I thought the correct saying was "actions speak louder than words"? Anyways, actions without words are as empty as words without action. And as for which is louder, it depends on your point of view and the context. Actions usually deliver a big impact, while it could be someone else's word who inspired the action. Take bombings in the name of [insert deity]. Is the impact of sick doctrines on the mind of the bomber louder than the bomber's impact on society?

_14) It's Saturday. You're at home, and your favorite show is about to start. Your friends call you for a night out. What will you do?_
Depends on who's calling me. If it's one of my inner circle friends, who actually are my friends, I'll ask if I can come after watching the show, but I'll go nonetheless. Most likely that friend watches that show as well and will ask to meet up after. If it's one of my 'friends', the people who think we are friends (like coworkers), it must be really something I've wanted to do (a certain movie or club, for instance), or I might lie about having some other plans whatsoever.

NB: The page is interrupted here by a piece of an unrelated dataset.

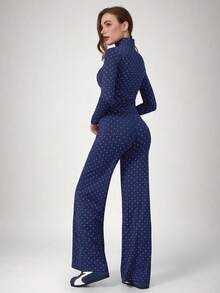 NcmRyu Women's One Set Polka Dot Stand Collar Long Sleeve Zipper Jacket & Straight Wide Leg Pants - Navy Blue - View 7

_15) How do you act when you're stressed out?_
I don't really stress if it's about deadlines, I'll just focus, keep calm. I might react calmly as well in crisis, I'm not sure. If I don't make it, I don't make it - I should have worked harder whatsoever. 
But I do stress about social events. Clubs and bars are no problem if I go with friends and people I feel comfortable with, but birthday parties, graduation parties, weddings etc, they can stress me out. I don't really want to go and meet new people, or people I know but never have come to like much. Once there, I keep wondering what they think of me, what I should be saying. If they like me. If they think I'm too awkward to talk with. I smoke so I have an excuse to excuse myself for a moment. 
And I do stress as well when my thoughts and ideas have become too big for my mind, when my feelings have become too big for my heart. Either I let them go (focus on something else) or, if possible, try to share them before they're all gone. Be it a friend or a journal.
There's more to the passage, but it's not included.